Predict: Next gen console tech (9th iteration and 10th iteration edition) [2014 - 2017]

Status
Not open for further replies.
GDDR6 will arrive in early 2018.

Seoul, April 23, 2017 – SK Hynix Inc. (or ‘the Company’, www.skhynix.com) today introduced the world’s fastest 2Znm 8Gb(Gigabit) GDDR6(Graphics DDR6) DRAM. The product operates with an I/O data rate of 16Gbps(Gigabits per second) per pin, which is the industry’s fastest. With a forthcoming high-end graphics card of 384-bit I/Os, this DRAM processes up to 768GB(Gigabytes) of graphics data per second.

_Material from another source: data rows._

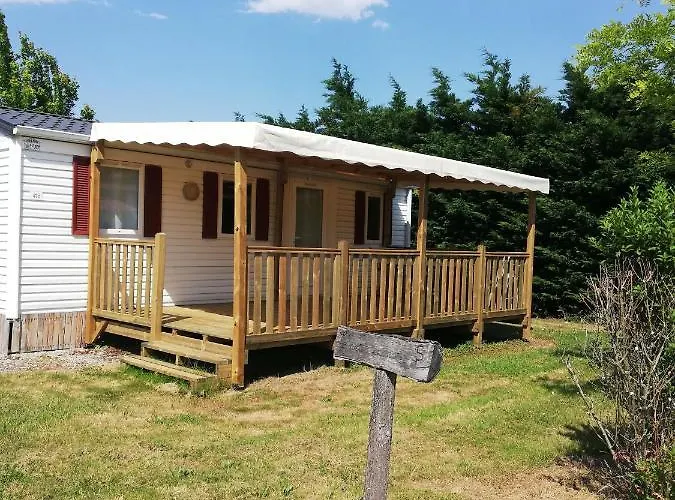 Camping Le Mercier Hotel Calmont  photo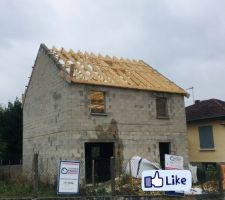 Raccord maison / charpente par les maçons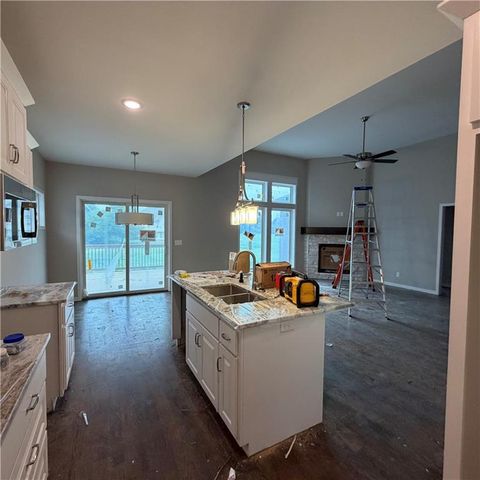 2121 Greenfield Point, Kearney, MO 64060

SK Hynix has been planning to mass produce the product for a client to release high-end graphics card by early 2018 equipped with high performance GDDR6 DRAMs.
http://www.skhynix.com/eng/pr/pressReleaseView.do?seq=2086&offset=1
 
GDDR6 will arrive in early 2018.

Seoul, April 23, 2017 – SK Hynix Inc. (or ‘the Company’, www.skhynix.com) today introduced the world’s fastest 2Znm 8Gb(Gigabit) GDDR6(Graphics DDR6) DRAM. The product operates with an I/O data rate of 16Gbps(Gigabits per second) per pin, which is the industry’s fastest. With a forthcoming high-end graphics card of 384-bit I/Os, this DRAM processes up to 768GB(Gigabytes) of graphics data per second. SK Hynix has been planning to mass produce the product for a client to release high-end graphics card by early 2018 equipped with high performance GDDR6 DRAMs.
http://www.skhynix.com/eng/pr/pressReleaseView.do?seq=2086&offset=1

Would this forthcoming high-end graphics card be from Nvidia or AMD?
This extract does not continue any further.